Changbo Wang
2026
K-GIP: Diagnosing Logical Fractures in Large Vision-Language Models via Verification Scene Graphs and Sequential Pruning
Yujun Hu | Xiaoyu Zhou | Changbo Wang | Gaoqi He
Findings of the Association for Computational Linguistics: ACL 2026
Yujun Hu | Xiaoyu Zhou | Changbo Wang | Gaoqi He
Findings of the Association for Computational Linguistics: ACL 2026
Diagnosing fine-grained hallucinations in Large Vision-Language Models (LVLMs) can greatly advance their reliable deployment in real-world applications. Nevertheless, current benchmarks predominantly employ flat metrics that treat errors in isolation, leaving a gap in evaluating the complex causal dependencies between visual perception and textual reasoning. Motivated by this, we introduce the Knowledge-Guided In-Context Probing (K-GIP) framework to fill this gap. Specifically, K-GIP constructs a high-fidelity dual-perception ground truth to transform abstract priors into multi-granularity queries.

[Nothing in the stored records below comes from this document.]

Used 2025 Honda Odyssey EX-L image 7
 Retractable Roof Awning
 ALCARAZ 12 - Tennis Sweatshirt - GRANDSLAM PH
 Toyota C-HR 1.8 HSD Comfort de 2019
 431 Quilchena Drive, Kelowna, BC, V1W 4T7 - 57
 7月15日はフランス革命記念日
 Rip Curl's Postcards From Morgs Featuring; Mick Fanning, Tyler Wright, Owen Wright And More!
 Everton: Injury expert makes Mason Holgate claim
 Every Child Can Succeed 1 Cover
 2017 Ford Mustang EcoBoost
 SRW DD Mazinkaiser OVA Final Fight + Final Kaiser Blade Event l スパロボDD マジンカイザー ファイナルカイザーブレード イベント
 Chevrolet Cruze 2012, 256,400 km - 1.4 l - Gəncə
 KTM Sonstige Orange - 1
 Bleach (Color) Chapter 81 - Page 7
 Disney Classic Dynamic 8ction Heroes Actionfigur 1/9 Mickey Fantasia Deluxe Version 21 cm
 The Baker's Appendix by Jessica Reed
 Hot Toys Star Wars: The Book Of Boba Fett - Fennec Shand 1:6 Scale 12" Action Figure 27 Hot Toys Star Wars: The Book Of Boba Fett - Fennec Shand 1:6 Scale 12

Furthermore, we propose a Verification Scene Graph metric equipped with a Sequential Logic Pruning protocol, which explicitly models existence-attribute dependencies to strictly penalize logical fractures. We conduct comprehensive evaluations of mainstream LVLMs across three datasets using K-GIP. The experimental results highlight that our methodology successfully isolates deep reasoning failures from simple perceptual misses. We hope K-GIP can serve as a valuable and rigorous standard to assess logical robustness in multimodal systems.